Customer Service for Every Web Site
Office: 406-522-1485

On Jul 25, 2005, at 5:17 AM, Neal Richter wrote:

>   There is a 'libhtdig' & 'libhtdigphp' directories in the 3.2b6 
> snapshot
> which would enable you to directly call htdig search functions without 
> a
> PHP wrapper.
>

How are these libraries built? Do I just navigate to the directory and 
./configure make make install?
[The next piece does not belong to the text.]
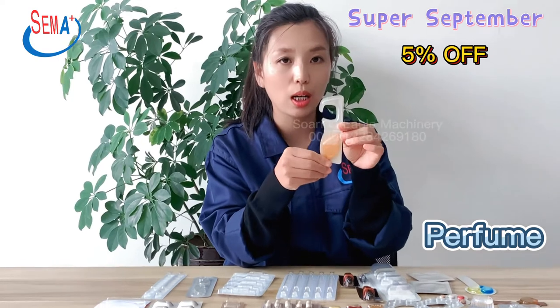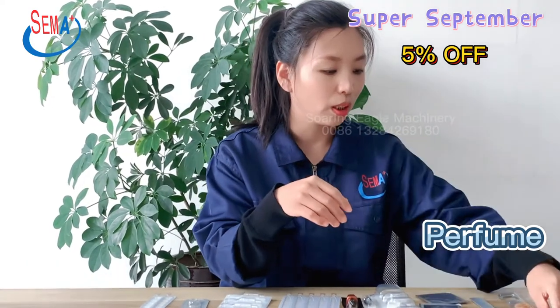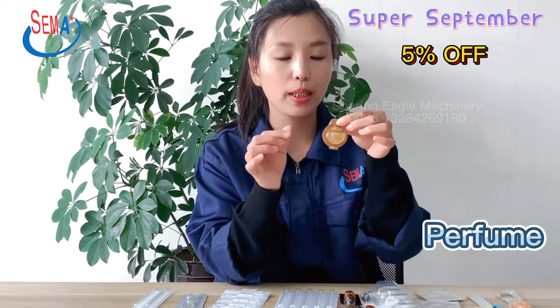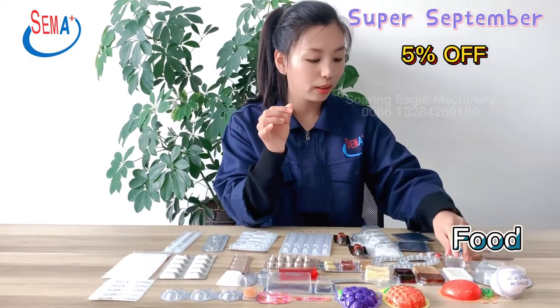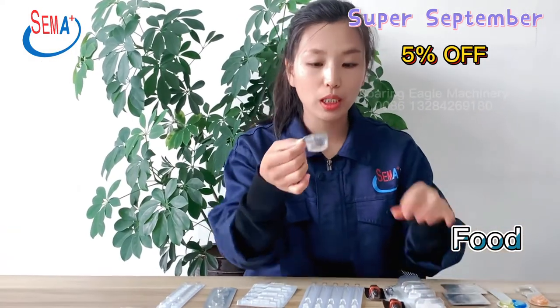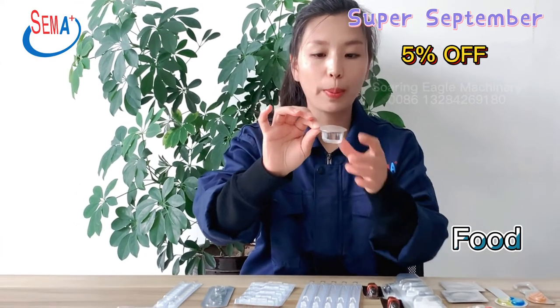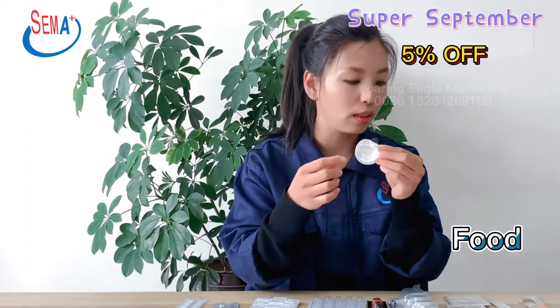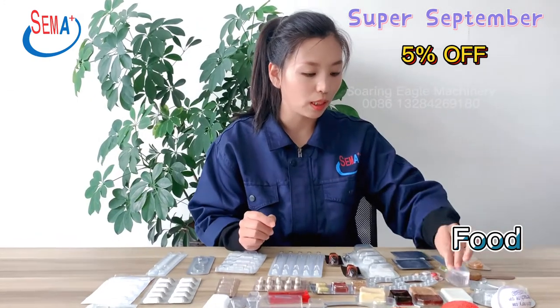This one is specially made for our car customers. It also has a round shape, and this part breaks off like this. And this is for oil packing — 15ml oil packing. The top side has an easy open notch, and the back side has embossing for the date or the batch number.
Doing just the basic ./configure make 
make install from the root directory doesn't seem to build the 
"binaries".

Also, does PHP need to be built with these libraries or can they be 
accessed by adding lines to php.ini (or at runtime using dl())? 
Finally, do these libraries come with any documentation?

Thanks in advance... And please count on me providing a final Mac OS X 
package when this release is ready to go.

Ted Stresen-Reuter

On Mon, 25 Jul 2005, Gustave T. Stresen-Reuter wrote:

> On Jul 25, 2005, at 5:17 AM, Neal Richter wrote:
> 
> >   There is a 'libhtdig' & 'libhtdigphp' directories in the 3.2b6 
> > snapshot
> > which would enable you to directly call htdig search functions without 
> > a
> > PHP wrapper.
> >
> 
> How are these libraries built? Do I just navigate to the directory and 
> ./configure make make install? Doing just the basic ./configure make 
> make install from the root directory doesn't seem to build the 
> "binaries".

  A 'make' in libhtdig (after ./configure in the main directory) should 
give you a libhtdig.so

  In libhtdigphp you will have to ./configure (with the appropriate PHP 
system config flags to configure) then run 'make' (which will fail to 
link) and then run 'relink.sh'.

  Since these are auxilary libraries, I have not bothered to integrate 
them into the base htdig make system.

  htdig 4.0 will probably be structured a bit differently....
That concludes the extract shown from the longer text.